I have some data that looks like this:
id | ethnicity |
---|---|
1 | white |
2 | south asian |
2 | other |
3 | other |
4 | white |
4 | south asian |
as seen above there is potential for an id to have two ethnicity values. How would I go about removing these 'other' rows if that id already has an entry such as "white" or "south asian" while keeping the "white" or "south asian" entry?

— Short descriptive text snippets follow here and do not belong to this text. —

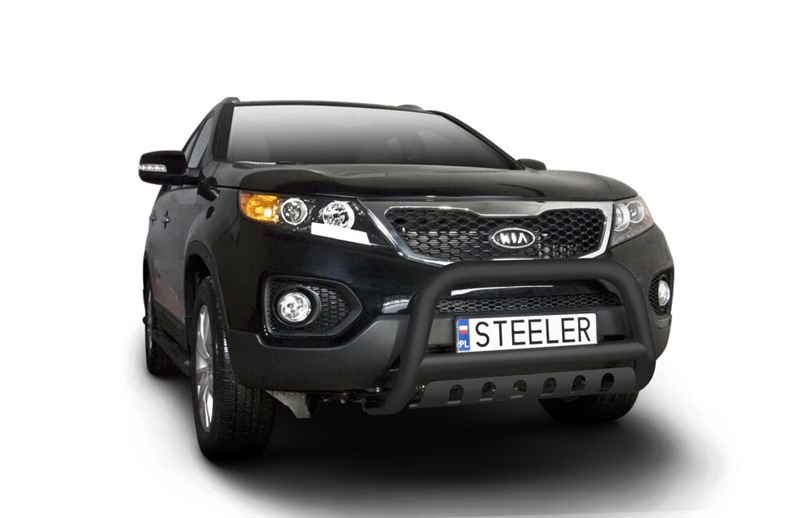 Bullbar i rustfri stål - til Kia Sorento Årgang 2009-2012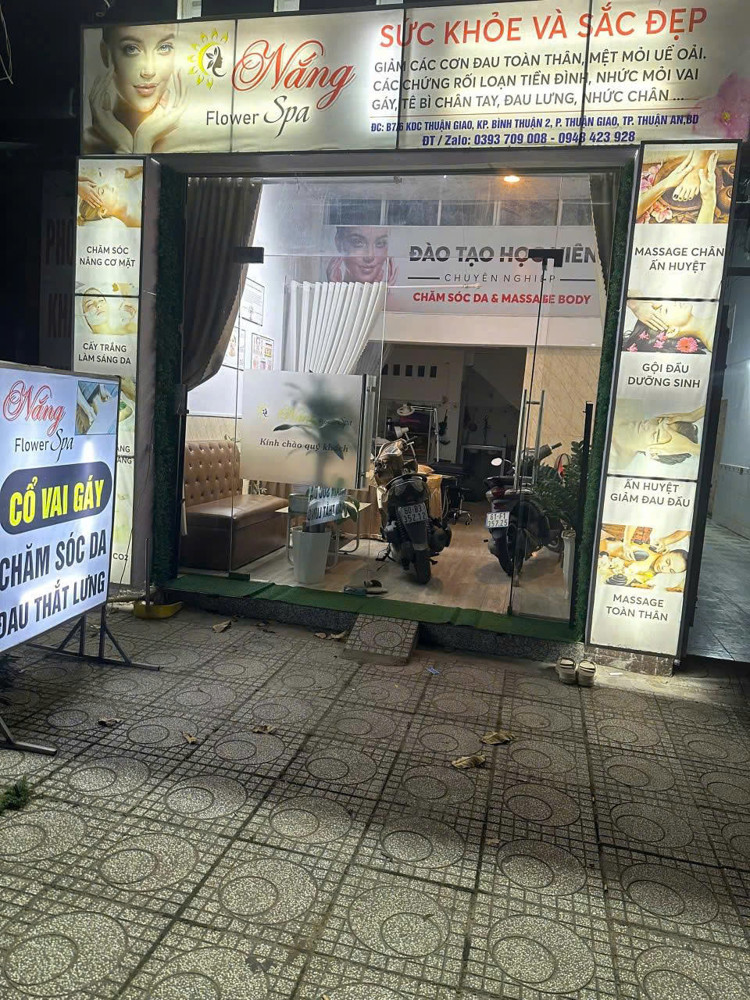 CẦN SANG GẤP SPA TÂM HUYẾT - TP THUẬN AN, BÌNH DƯƠNG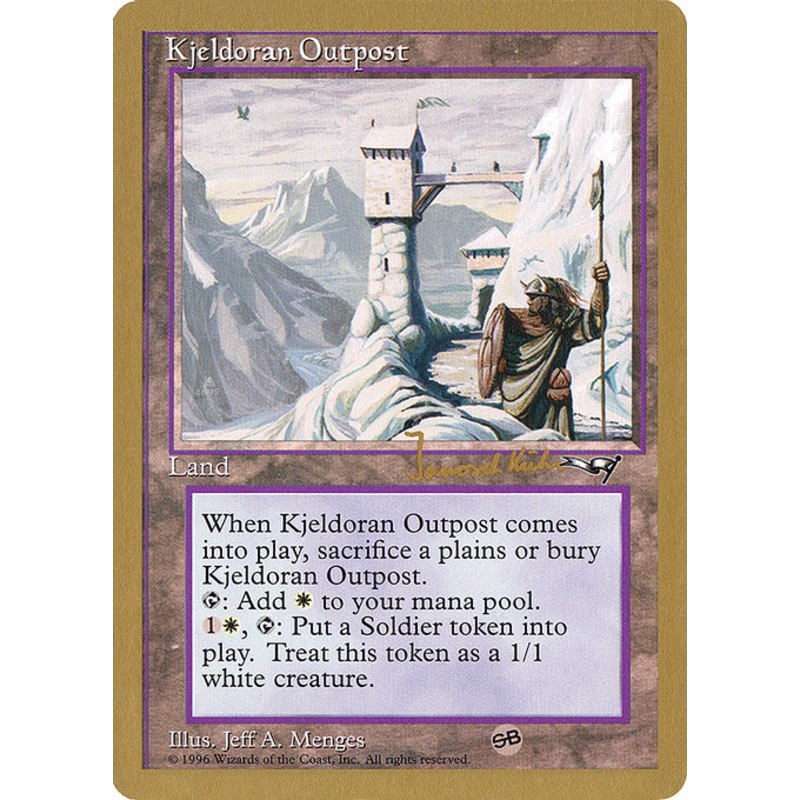 WC97: Kjeldoran Outpost - 1997 Janosch Kuhn (ALL)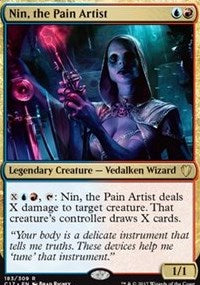 Nin, the Pain Artist [Commander 2017] | Gam3 Escape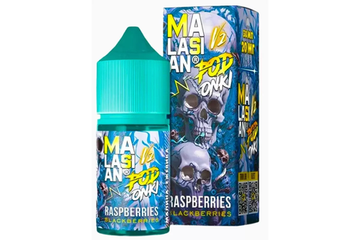 Купить Malasian X Podonki V2 Salt 30 мл - Raspberries Blackberries (strong)
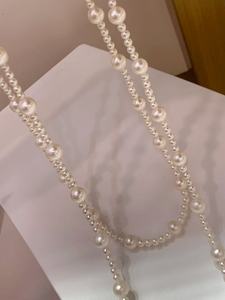 Eternal Starry Classic High-Grade Women's Luxury Gift Pendant <b>Necklace</b> <b>Delicate</b> S925 Sterling Silver Details Inlaid Lustrous - Product Image 4
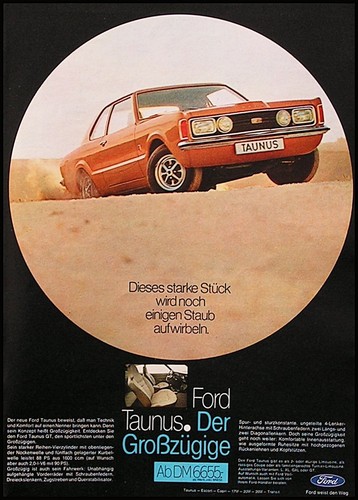 Ford taunus knudsen - ford,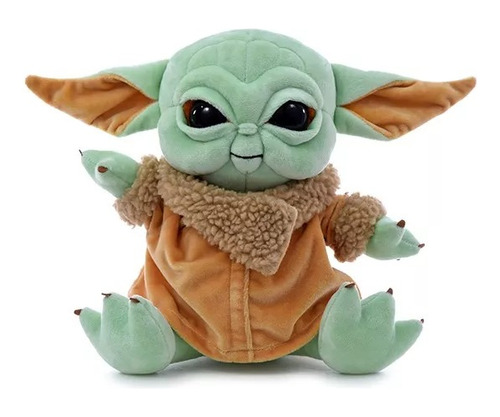 Baby Yoda Peluche 25cm Star Wars Original Phi Phi Toys Sw001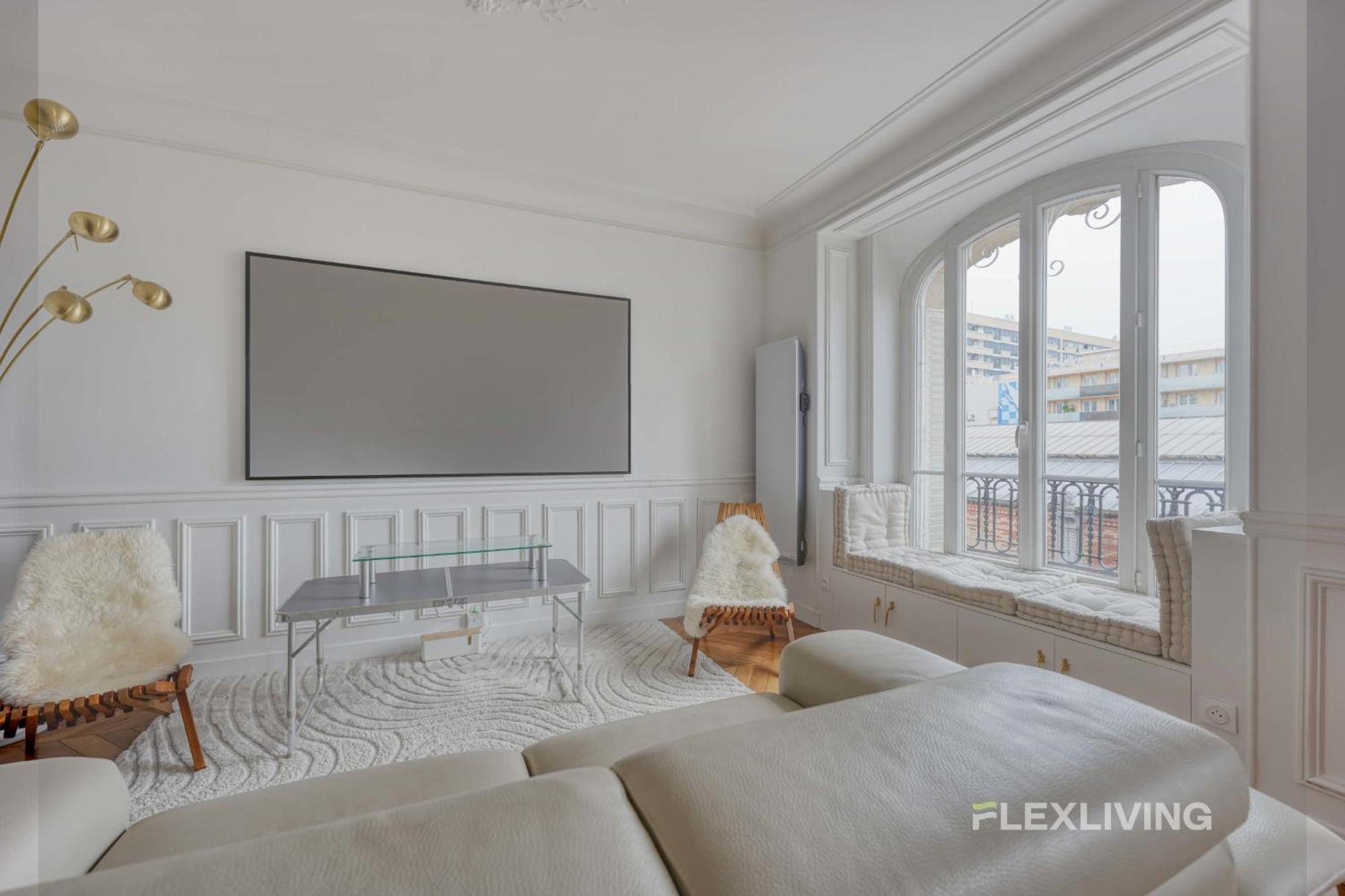 Flexliving - Bedroom - Vincent Auriol Casa vacanze Parigi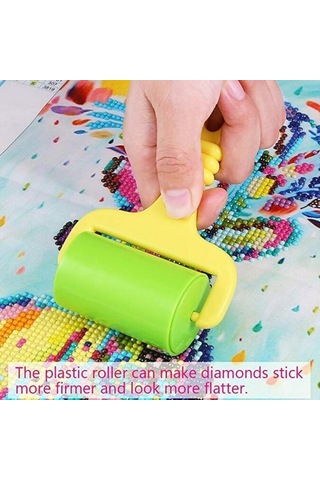 Jms Çok Fonksiyonlu Elmas Boyama Çapraz Dikiş Aracı Dıy Plastik El Rulo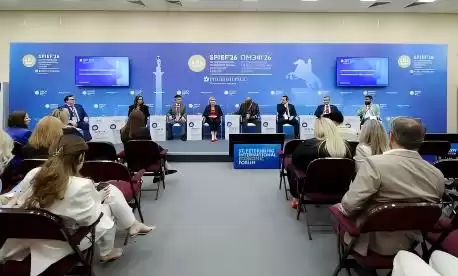 孙天枢出席2026圣彼得堡国际经济论坛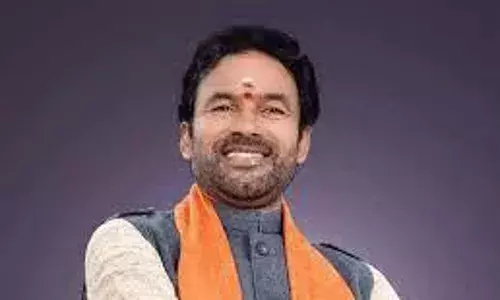 T BJP: మరోసారి రాష్ట్ర సారధిగా బాధ్యతలు స్వీకరించిన కిషన్ రెడ్డి T BJP: మరోసారి రాష్ట్ర సారధిగా బాధ్యతలు స్వీకరించిన కిషన్ రెడ్డి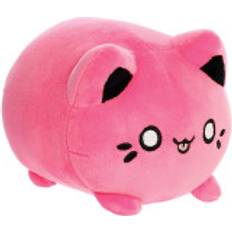 Pricenet Tasty peach knuffel, vivid pink meowchi, 9 cm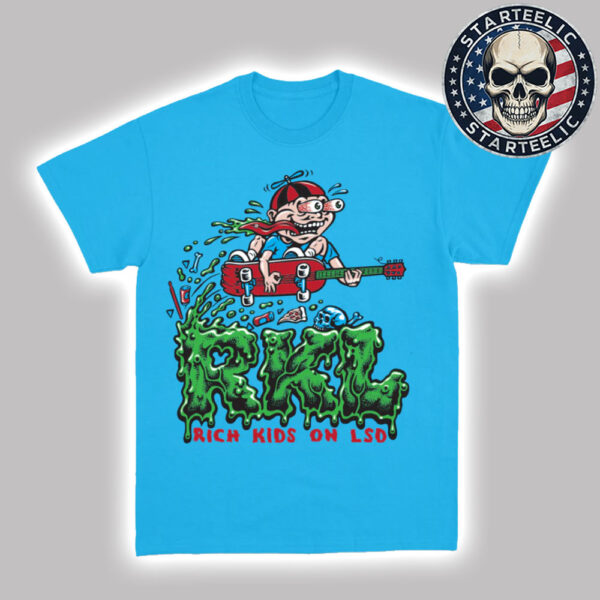 Rich Kids On LSD Shredder Tee Unisex T-Shirt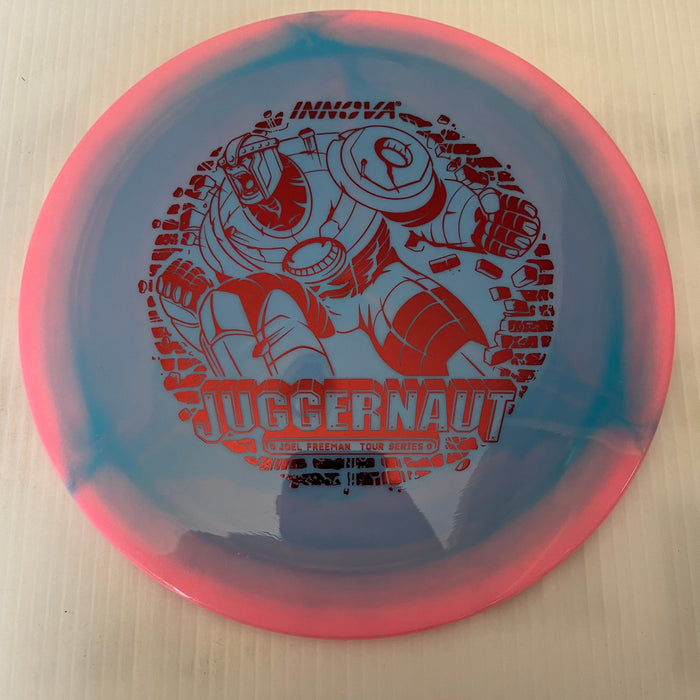 Glow Pink Halo/Red Stamp / 173-5 grams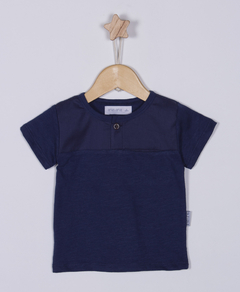 REMERA BALL BLUE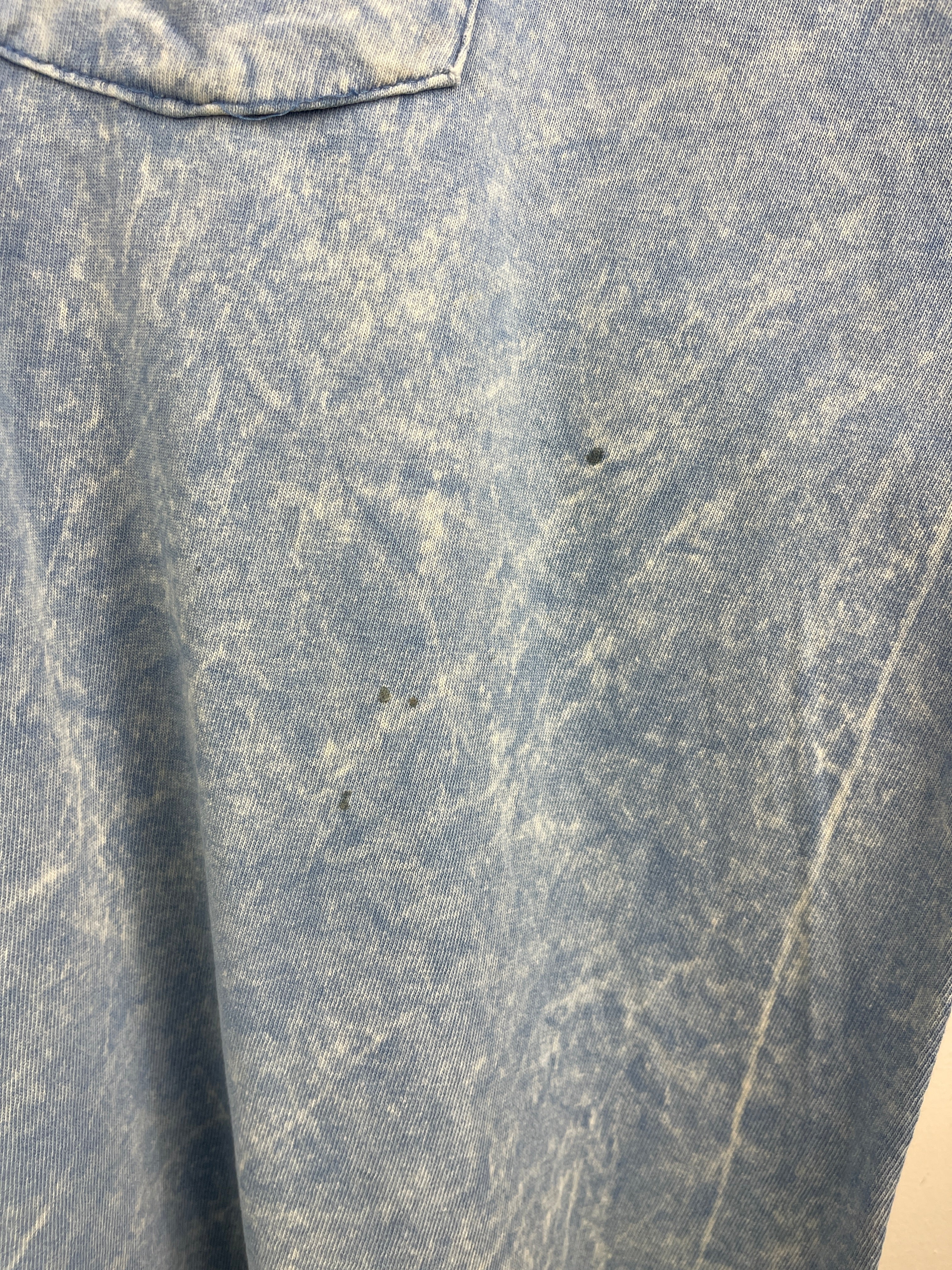 Vintage Harley Davidson Thiensville Wisconsin Blue Tee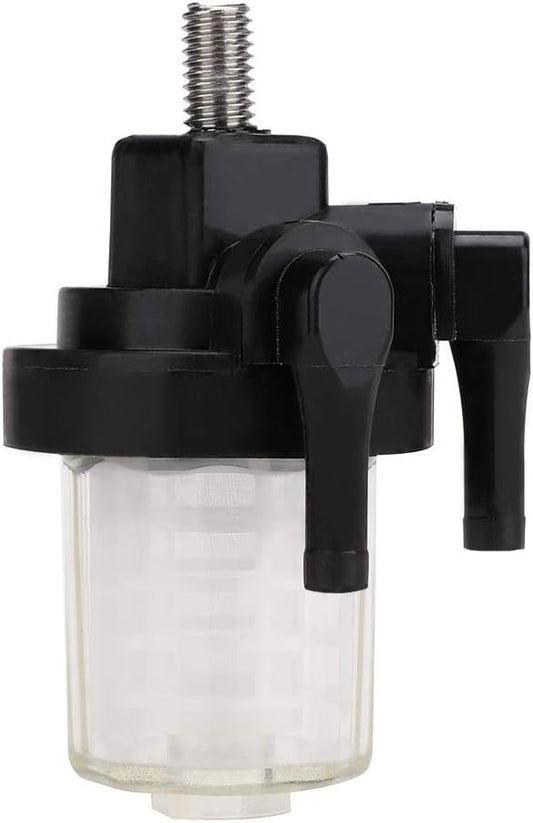 61N-24560-00-00 Fuel Filter for Yamaha Outboard Motor 9.9HP 15HP 20HP 25HP 30HP 40HP 55HP 48HP 50HP 55HP 60HP 70HP 75HP 90HP Yamaha 150 115 2 4 Stroke Marine Boat Fuel Filter - Replace Sierra 18-79910
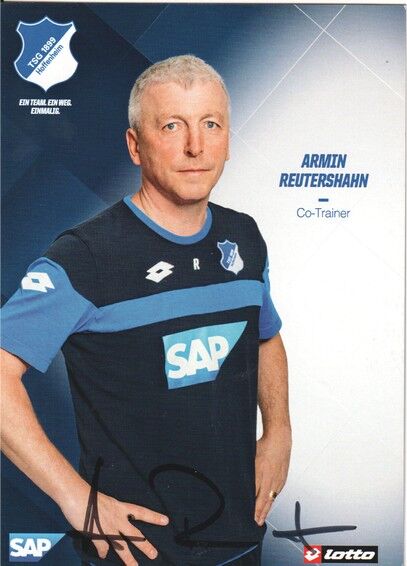Autogramm Fussball | TSG 1899 Hoffenheim | 2015 | Armin REUTERSHAHN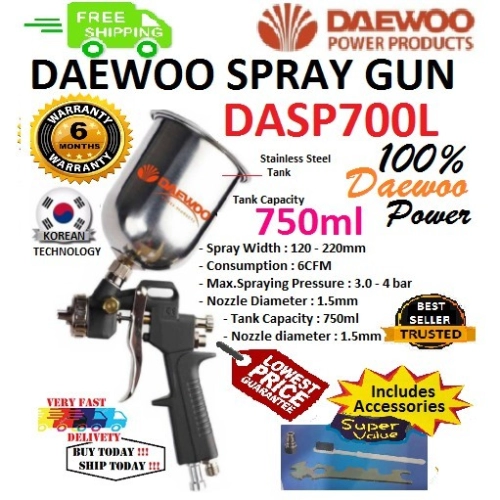 daewoo spray gun DASP700L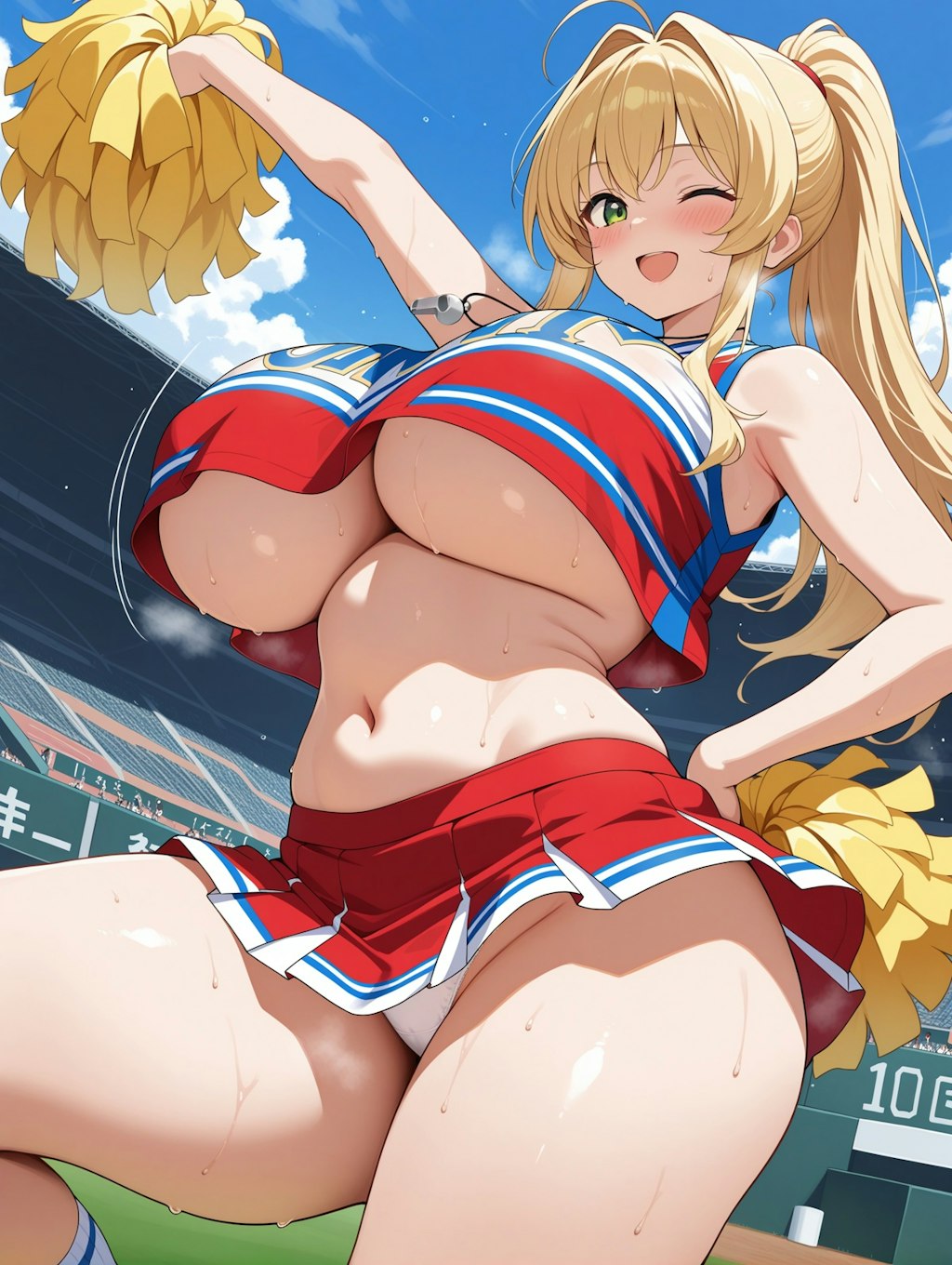 チアリーダー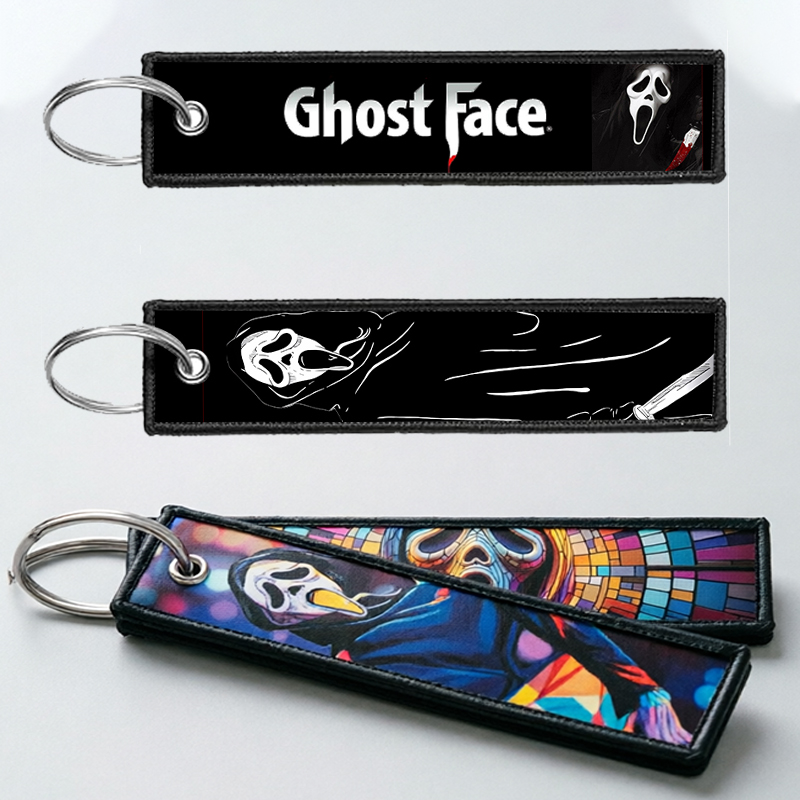 Men'S Accessories Holder - Chaveiro GHOST FACE para Homens e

I have noticed there are entries which also have south asian along with a white entry
My priority would be South Asian > White > Other in terms of keeping rows
So an expected output would be
id | ethnicity |
---|---|
1 | white |
2 | south asian |
3 | other |
4 | south asian |
CodePudding user response:
If the intention is to get the prioritized 'ethnicity' per 'id', convert the column 'ethnicity' to ordered
with levels
specified in the order of preference, then do a group by 'id' and filter
the first
available level in that order
library(dplyr)
df2 %>%
mutate(ethnicity = ordered(ethnicity,
c( "south asian", "white", "other"))) %>%
group_by(id) %>%
filter(ethnicity %in% first(levels(droplevels(ethnicity)))) %>%
ungroup
-output
# A tibble: 4 × 2
id ethnicity
<int> <ord>
1 1 white
2 2 south asian
3 3 other
4 4 south asian
data
df2 <- structure(list(id = c(1L, 2L, 2L, 3L, 4L, 4L), ethnicity = c("white",
"south asian", "other", "other", "white", "south asian")),
class = "data.frame", row.names = c(NA,
-6L))